→ **DATASET EXTRACT**
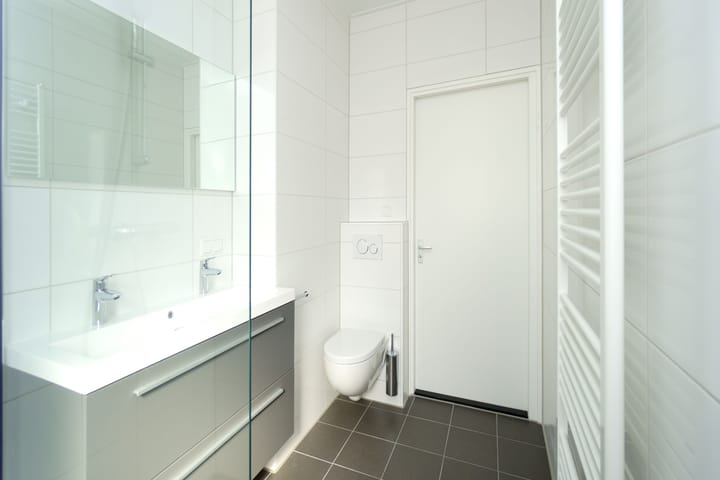 Foto 9 van Surinamestraat 100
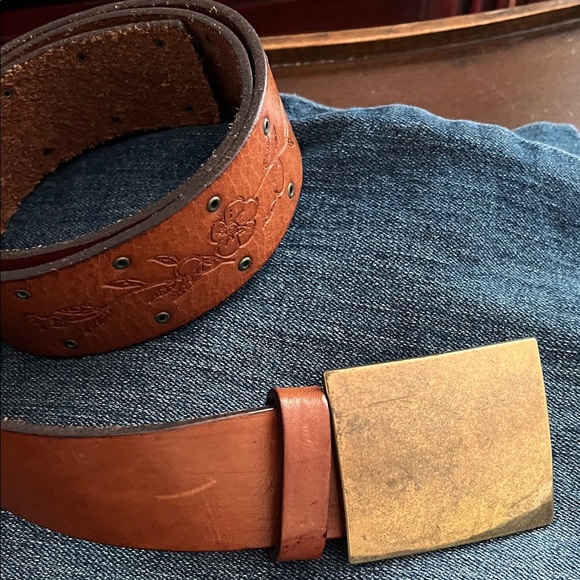 Vintage embossed Brown Leather Belt with Brass Buckle - Picture 1 of 7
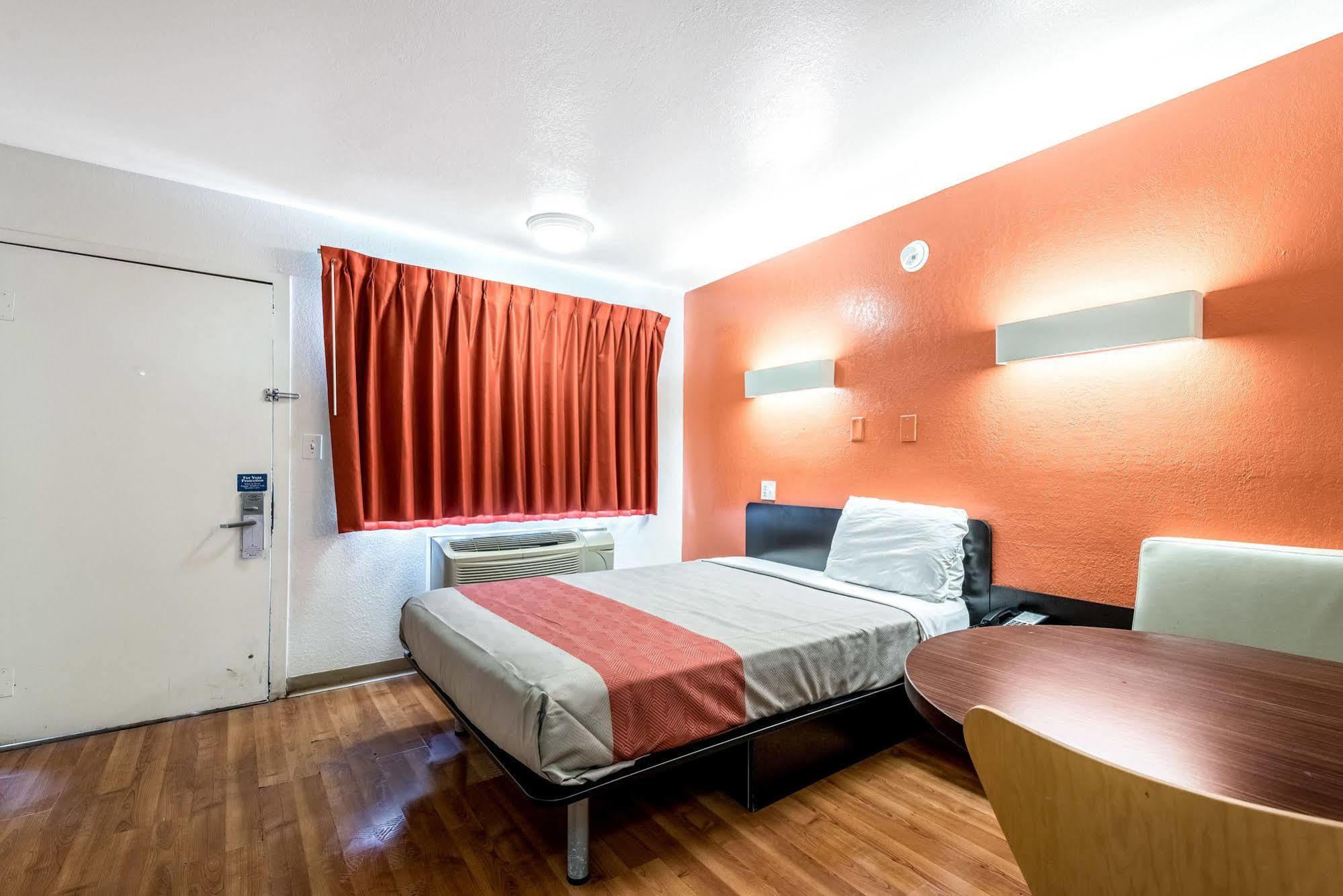 Rodeway Inn Montgomery Ngoại thất bức ảnh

→ **EXERCISE PROMPT**
An exact repeat of all the data is required, pictures excluded.

→ **ANSWER FOR THIS EXERCISE**
 Foto 9 van Surinamestraat 100
 Vintage embossed Brown Leather Belt with Brass Buckle - Picture 1 of 7
 Rodeway Inn Montgomery Ngoại thất bức ảnh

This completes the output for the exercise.